PROVIDED DATA Start Marker

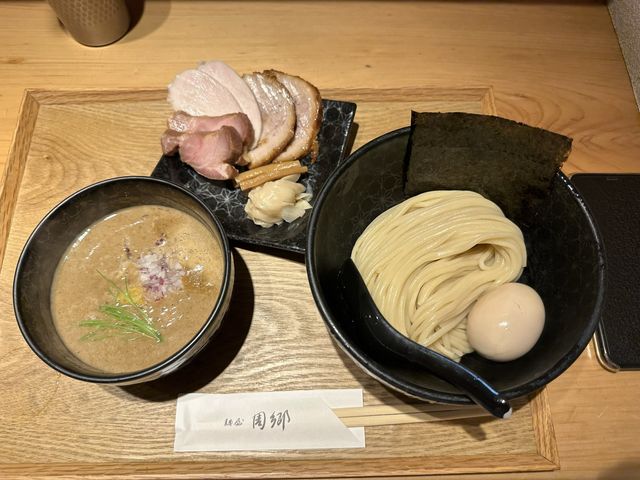 東京｜新橋人氣濃厚豚骨沾麵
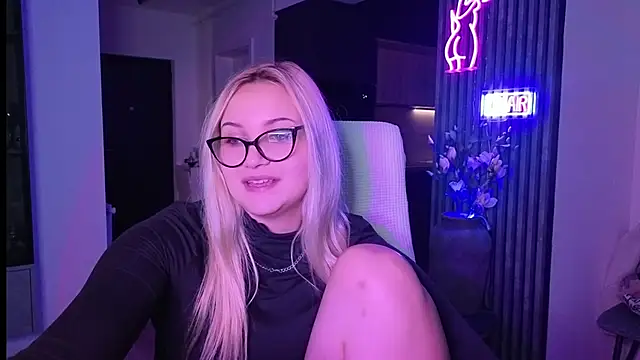 Snapshot of adrelaxina chatting on 11-03-25, 06:31 adrelaxina online show from 11-03-25, 06:31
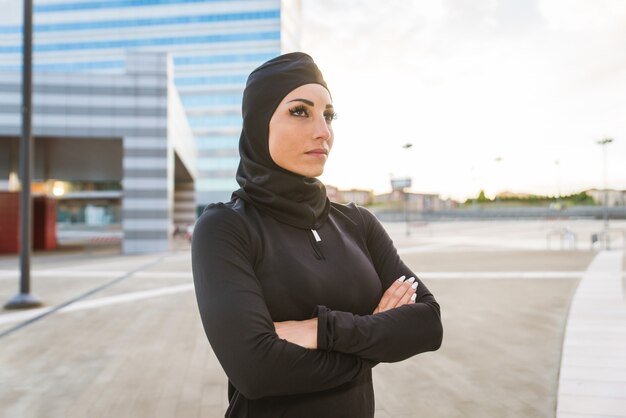 Moslim sportief meisje met fit lichaamstraining buiten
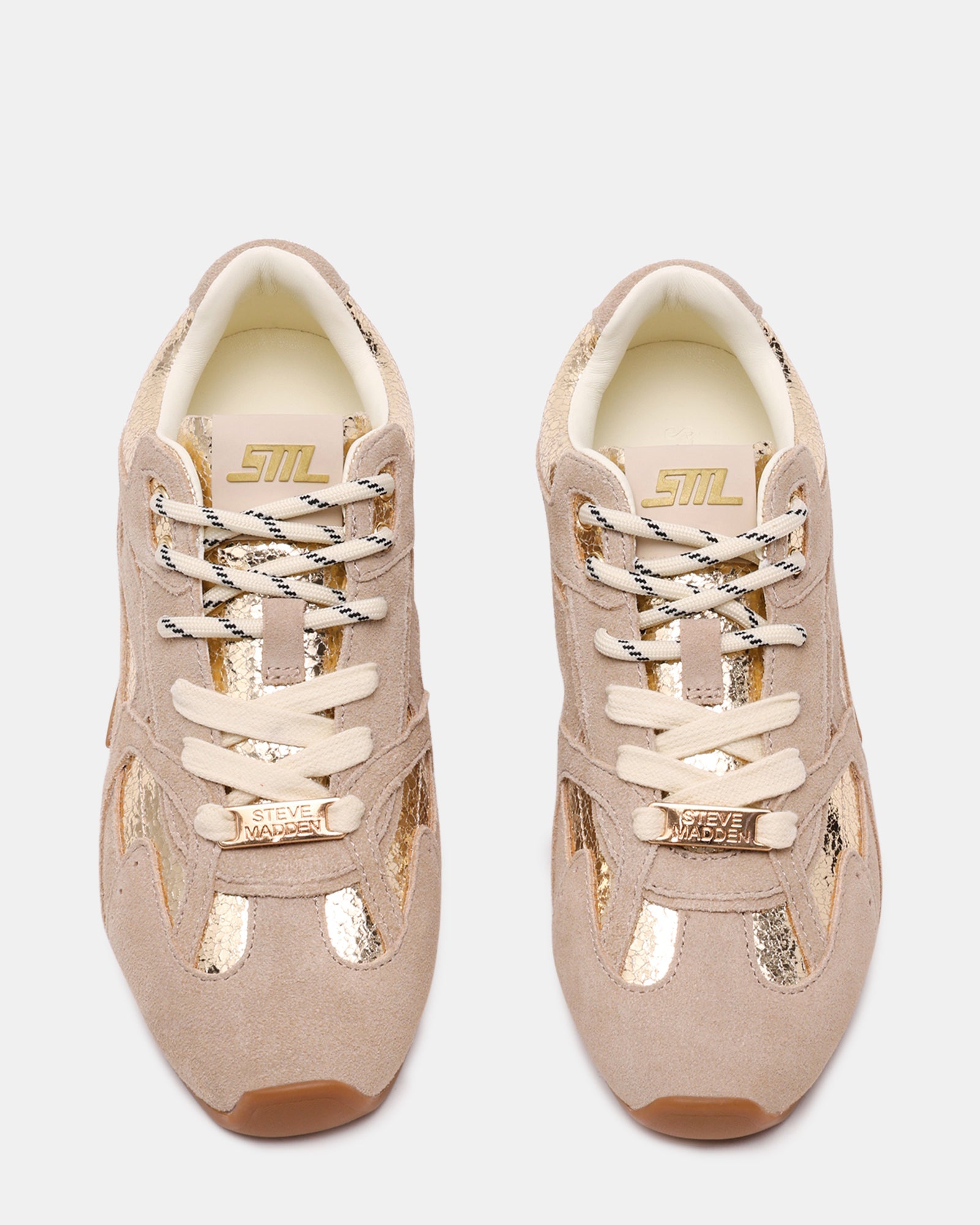 Steve Madden Asiel Sneaker Oro – Scarpa Sportiva con Plateau e Finitura Laminata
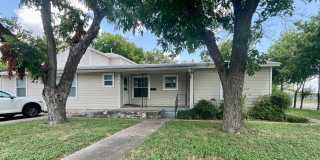 5/2 Duplex - 51st/Guadalupe - Fenced Yard Gallery 1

PROVIDED DATA End Marker

◆ EXERCISE ◆
Restate the data above word for word. Skip every picture.

◆ EXERCISE SOLUTION ◆
 東京｜新橋人氣濃厚豚骨沾麵
 Snapshot of adrelaxina chatting on 11-03-25, 06:31 adrelaxina online show from 11-03-25, 06:31
 Moslim sportief meisje met fit lichaamstraining buiten
 Steve Madden Asiel Sneaker Oro – Scarpa Sportiva con Plateau e Finitura Laminata
 5/2 Duplex - 51st/Guadalupe - Fenced Yard Gallery 1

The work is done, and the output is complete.